In a postal system, a delivery point (sometimes DP) is a single mailbox or other place at which mail is delivered. It differs from a street address, in that each address may have several delivery points, such as an apartment, office department, or other room. Such buildings (primarily residential) are often called multiple-dwelling units (MDUs) by the USPS.

==United States Postal Service usage==
In the US Postal System, a delivery point is a specific set of digits between 00 and 99 assigned to every address. When combined with the ZIP + 4 code, the delivery point provides a unique identifier for every deliverable address served by the USPS.

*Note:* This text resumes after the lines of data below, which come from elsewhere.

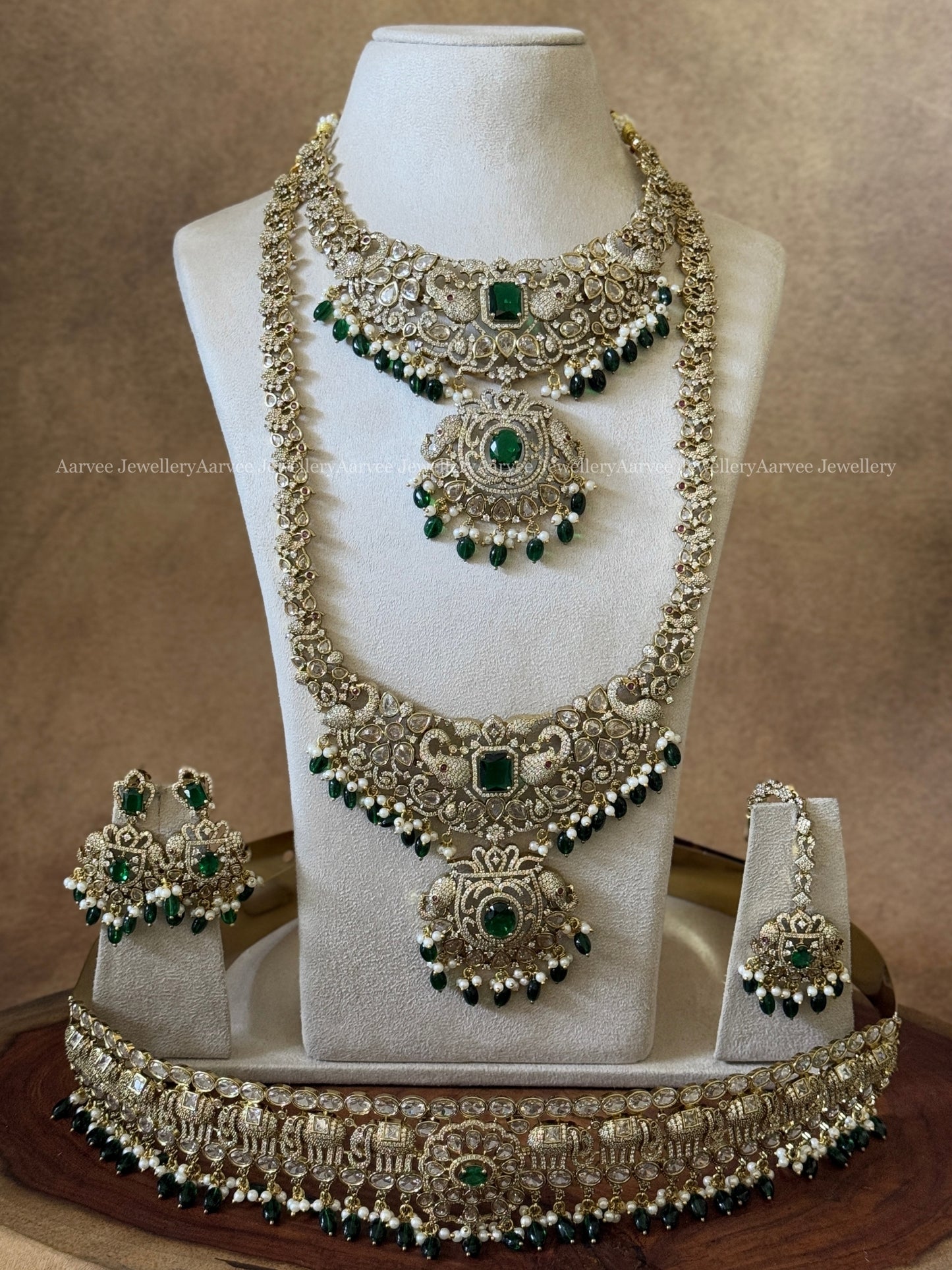 VICTORIAN BRIDAL JEWELLERY SET — GREEN BEADS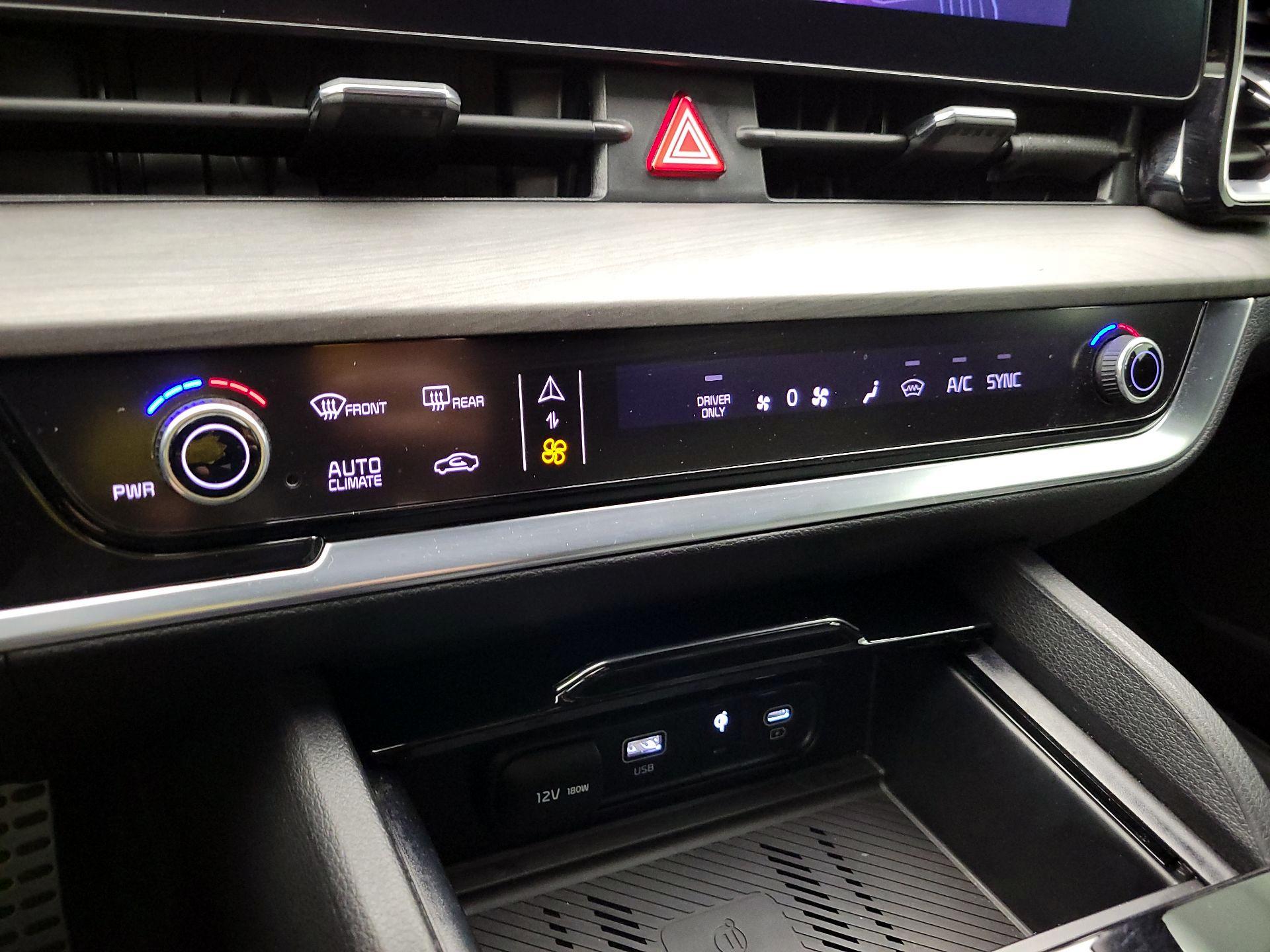 Thumbnail: 2023 Kia Sportage - 17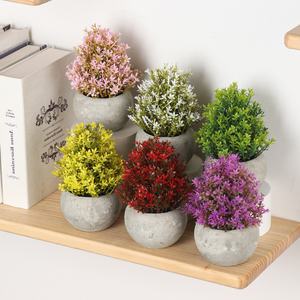 Plantes artificielles en plastique bon marché en gros, fleurs décoratives, plantes en pot artificielles, Noël, Thanksgiving, Nouvel An, durables - Product Image 1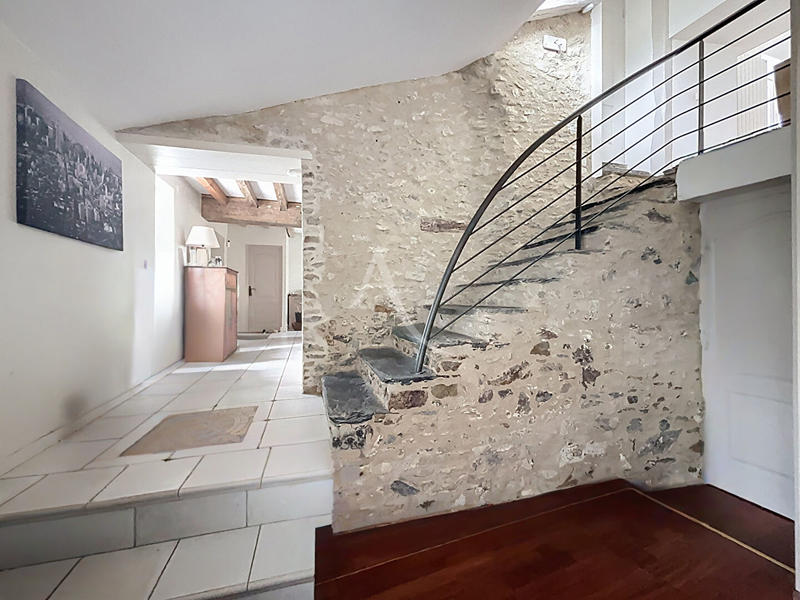 Maison - 208 m² - 7 pièces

The delivery point digits are almost never printed on mail in human-readable form; instead they are encoded in the POSTNET delivery point barcode (DPBC) or as part of the newer Intelligent Mail Barcode (IMb). The DPBC makes automated mail sorting possible, including ordering the mail according to how the carrier delivers it (walk sequence).

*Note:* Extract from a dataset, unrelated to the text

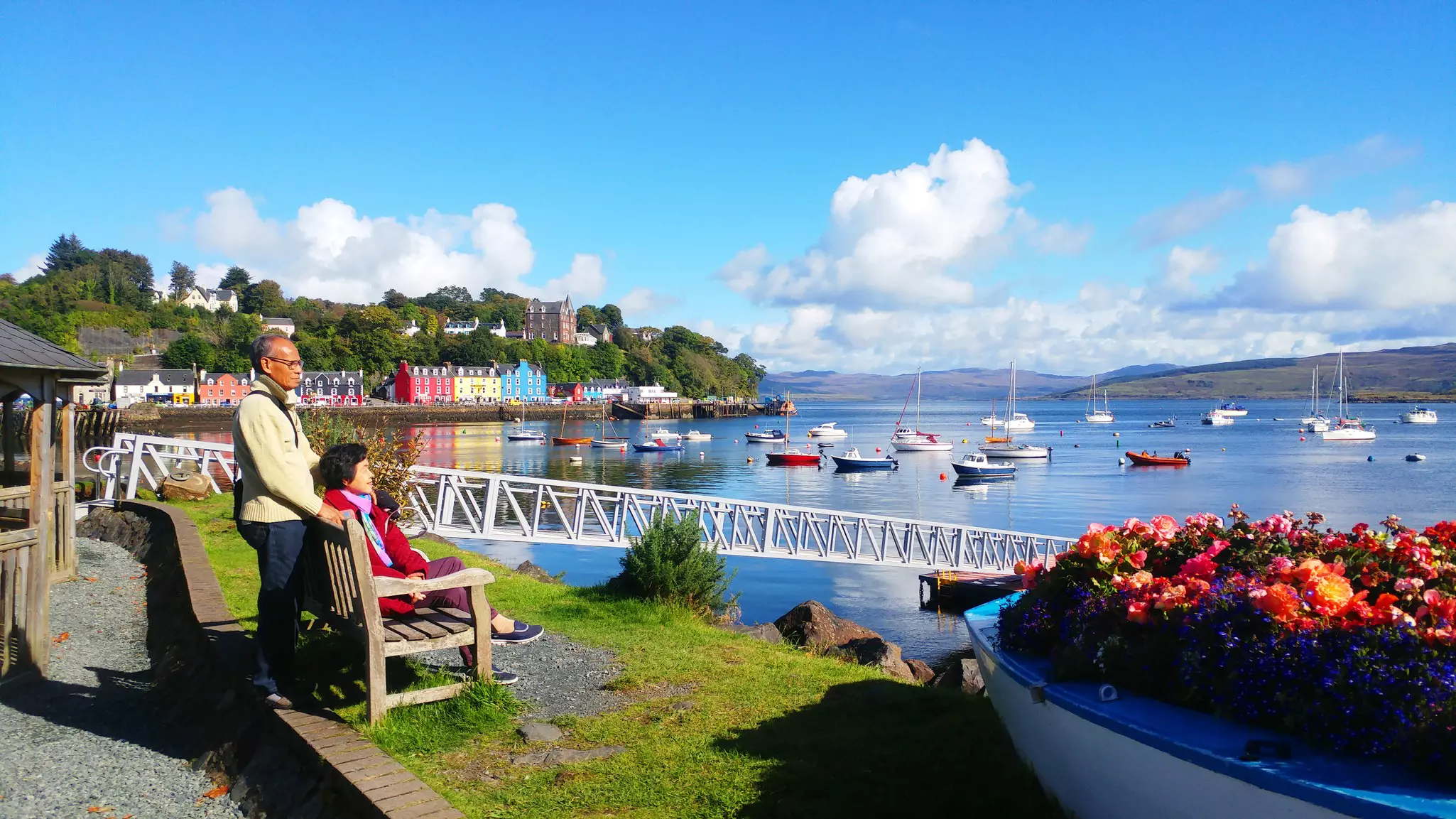 Our guide to daily costs in Scotland can help you plan your finances © pitch00 / Shutterstock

The two-digit delivery point number is combined with an additional check digit in the DPBC. This digit is used by barcode sorters (BCS) to check if the ZIP, ZIP+4, or delivery point ZIP codes contain an error. In a database, storing the ZIP+4 code in a 10 character field (with the hyphen) allows easy output in the address block, and storing the check digit in a 3-digit field (instead of calculating it) allows automatic checking of the validity of the ZIP+4 and delivery point fields in case one had been changed independently. In order to receive the appropriate barcode discount, the delivery point digits and the +4 extension must be verified using an up-to-date, CASS or Delivery Point Validation (DPV) certified program.

Since each city block or section of a rural route has a different +4 extension, and address numbers generally increase by 100 per block, the delivery point is typically the last two digits of the address. In the early days of DPBC, it was acceptable to determine the delivery point in this fashion, but since suite and other secondary designations are assigned unique delivery points which cannot be determined without the CASS/DPV database, this is no longer possible. The delivery point is usually redundant for post office boxes, since they are typically assigned their own ZIP+4 code, but must nonetheless be assigned a complete DPBC for full postal discounts. The full rules for identifying the delivery point for a given address are specified in the USPS CASS Technical Guide.

==United Kingdom==

In the United Kingdom the delivery point index is known as the Postcode Address File (PAF). It is owned and made available by Royal Mail.

==New Zealand Post==
New Zealand Post maintains an index of delivery points known as the National Postal Address Database (NPAD).

==Australia Post==
In Australia the PAF is maintained by Australia Post.